I’ve been telling authorities that they should be prepared for a longer ride with this financial tightening cycle because we are no longer in a world where shocks are very transitory. The Russian invasion is still ongoing. The pandemic is only now getting to a point that we can have normal lives after more than two years. The length of the financial tightening will depend on how persistent inflation is. So far, we’ve done well. Central banks are acting to bring down inflation. It usually takes more than 12 months to reduce high inflation, but there is the possibility that inflation will be more persistent if it gets into the wage negotiations and wages get into inflation. And then we will have what we call in central banking, the secondary effects of the shock, because it gets into the system, and it takes longer to go down. It’s not going to be a short ride.

When you have a period of high inflation like now, it is helpful to have both monetary and fiscal policy working in the same direction. And fiscal in the same direction means fiscal consolidation. The challenge is that you have to work on social needs at the same time. The only way to do this, especially now during the tightening shock, is to concentrate on inclusive consolidation. This means that your fiscal accounts must be in order, but you will need to make choices. You will need to use your revenues in a way to spend it in places where society is asking you, to reduce poverty, to concentrate on the most vulnerable people, and on gender, climate and income equality. It is the same thing with revenue. There are more progressive and more regressive ways of getting revenue. We know that there is a need for fiscal consolidation, but you need to consolidate thinking about the other dimensions, the social and the political dimensions. That’s the only way you’re going to have sustainable economic and social outcomes over time.

When you have social demands and fiscal constraints, the only way you can work on both is if you get the economy to grow.

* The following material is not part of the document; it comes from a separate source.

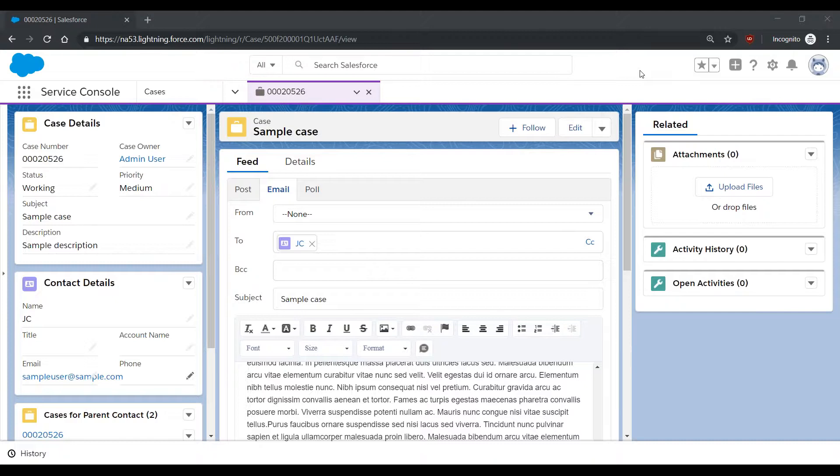In this video, we're going to learn what to do when you're reaching your HTML body character limit in the Lightning Service Console.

You cannot ignore the constraints in the short term. But over time, investing in education and productivity is the only way to no longer lose the decades but find the decades and grow. Education is essential for productivity, and productivity growth is essential for all sustainable economic growth. When you start growing, then things start to square up so you can give people the services they demand and deserve.

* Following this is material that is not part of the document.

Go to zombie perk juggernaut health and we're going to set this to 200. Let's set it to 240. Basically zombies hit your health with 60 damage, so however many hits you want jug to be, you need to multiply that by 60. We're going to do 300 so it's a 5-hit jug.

We cannot just live for shock after shock and see what we can do. We need to find space to deal with the medium and long term. That is the only way avert another lost decade. If we are prisoners of the short term or prisoners of the shock, we will never get ahead because we will be dealing with one crisis after the other.

  “If we are prisoners of the short term or prisoners of the shock, we will never get ahead.”  

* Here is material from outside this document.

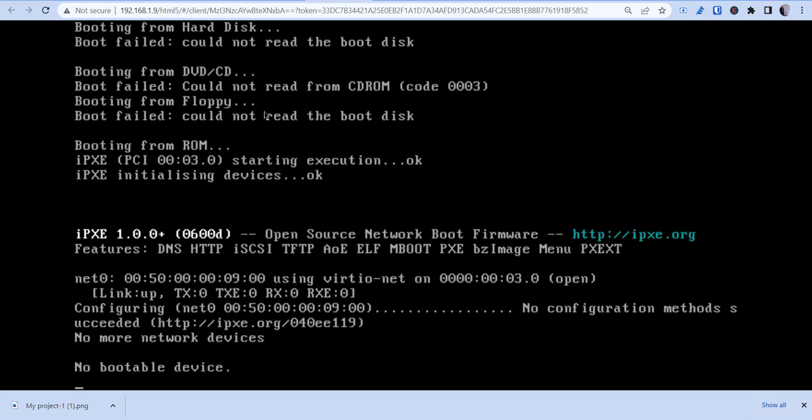You can add additional Linux images, whether it be Ubuntu desktop. You can even do this with Windows, which I'll do a video on that as well. Docker and all of the sort. So again, that's it.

Education is always referred to as the last priority because it’s not urgent tomorrow. It’s not urgent tomorrow, but if you don’t do it? If you don’t invest in infrastructure, you’re not going to have enough infrastructure. If you don’t start investing in clean energy, you’re not going to have a clean economy in the future. It’s the same with institution building. It’s always nice to use existing institutions to solve the short-term problem, but you need to give them independence, you need to have credibility, because that is the way you’re going to fight inflation in the future. Prisoners of the short term use all the margins they have to solve the short-term crisis, but that doesn’t allow you any space to think about your medium and long term.

We talk to countries about reforms, and they want to spend time on them. But reforms are sometimes very hard because emergencies come and there are political constraints. It’s very hard to be able to save time and energy and money for the future when the present is not easy. But to meet social demands and still be economically sustainable so that we can actually grow, the only way to do that is with productivity and growth. And this will not come from just thin air. It will come from quite a bit of investment. LF

Ilan Goldfajn is the director of the Western Hemisphere Department at the International Monetary Fund. This is an edited transcript of his comments in an interview with Charles Newbery.